12/13/16 – So, what is Dak Prescott’s Brain Type?
He is having a stellar year, and his Dallas Cowboys team couldn’t be happier. We are talking about rookie sensation Dak Prescott, and his passing performance through 10 games outshines other rookies before him, including Dan Marino (#5 FEIR), Russell Wilson (#13 FCIR), Matt Ryan (#13 FCIR), and Ben Roethlisberger (#13 FCIR). Heck, he even beats “non-rookie” rookies, like Jim Kelley (#5 FEIR) and Warren Moon (#2 BEAR), who both had experience playing in the USFL and CFL.
A strong arm, able body, and physical toughness all combine together to make Dak Prescott a fundamentally sound quarterback. “But what about between the ears?” you ask? That is, what is Dak’s inborn Brain Type, which is the greatest determinant for sports success?

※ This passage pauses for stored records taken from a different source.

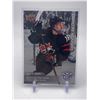 Image 1 : 2023 UPPER DECK CONNOR BEDARD GAME DATED MOMENTS ROOKIE CARD SILVER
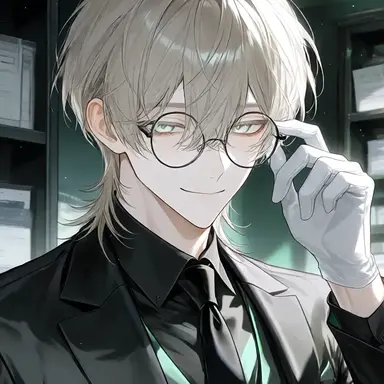 Profile image of Rio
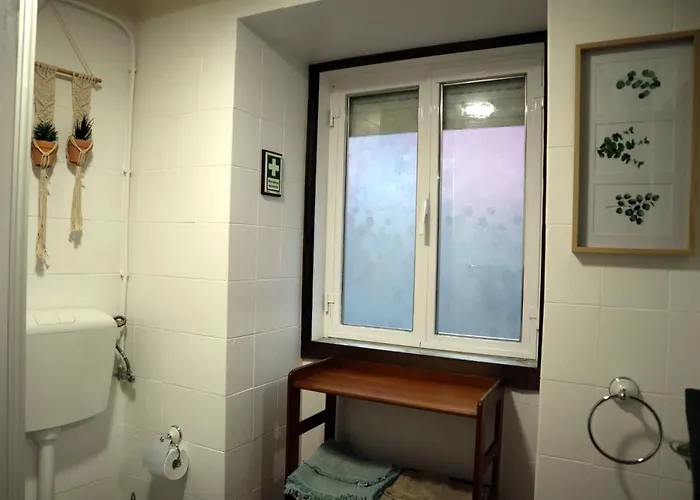 Casa Velha Do Fumeiro *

First and foremost, Dak Prescott is no Peyton Manning, John Elway, or Joe Montana. His motor movements are quite different; for those who recall all the #5 QBs and their fine motor prowess, regardless the player, Mr. Prescott does not resemble any of them (not only through the eye test but also biomechanical analysis). Knowing that all 16 inborn BTs are confirmed by motor movements, Prescott can only be of but one BT grouping (EA, EI, CA, CI). Have you seen Dak throw, and run? Does he resemble an athlete relying more on big or small muscle actions? Does he appear more cerebral or Empirical? On and on it goes, considering the many scientifically established facets of BT. Finally, have you heard him in an interview? Though he is engaging and well spoken, have you discerned whether his conversation is E or C?
The Cowboys have only lost two games this season, but they have both been to the Giants, and Sunday was the second loss. So how is the public processing all this? With no clue of BT, some are already calling for the return of Tony Romo (#13 FCIR). They are concerned not only with losses but how the rookie is playing. One journalist writes, “This time, Prescott’s indecisiveness was striking. He seemed to hold onto the ball longer than usual.” And again, “In the past two games, which includes a close victory at Minnesota, Prescott has looked less like the Rookie of the Year and more like an ordinary rookie quarterback.” In Prescott’s own words, “I hate to lose,” Prescott said. “It’s a bad feeling, but I mean it kind of gets you resettled, gets you back right. I mean after we lost to these guys the first time, we went on that run, so maybe we can do something similar.”
As we have written so many times before, playoff time is where the men are separated from the mice, and that is where the Inanimate #5 has a distinct advantage over the other BTs, even the often successful #13s with all things being equal. FEIRs love pressure, to be the hero, the focal point—even if they lose (which they disdain)! They hunt for rabbits to pull from hats. Afraid to throw the ball in big moments, tentative, not wanting to be the goat—no way, Jose.
So what BT is Dak? We offer you this challenge. BTI had a chance to study Dak and other top QBs in the 2016 NFL draft. Though Niednagel won’t tell us the inside info passed along to the NFL team seeking his draft services, we can tell you Dak’s BT—but only after we hear your guesses and reasons.
It’s good to remember that he is only a rookie. He needs time, instruction, experience, and he also needs confidence from coaches and fellow players. If Dak thinks he’s only a step away from Romo taking his position, the pressure will mount. Coach Jason Garrett (#13 FCIR) has stated to the media that DP is their guy going forward. Yet only this week, owner Jerry Jones responded under questioning when Romo might regain his starting position. As only JJ can respond, he said “you’ll know it when you see it.”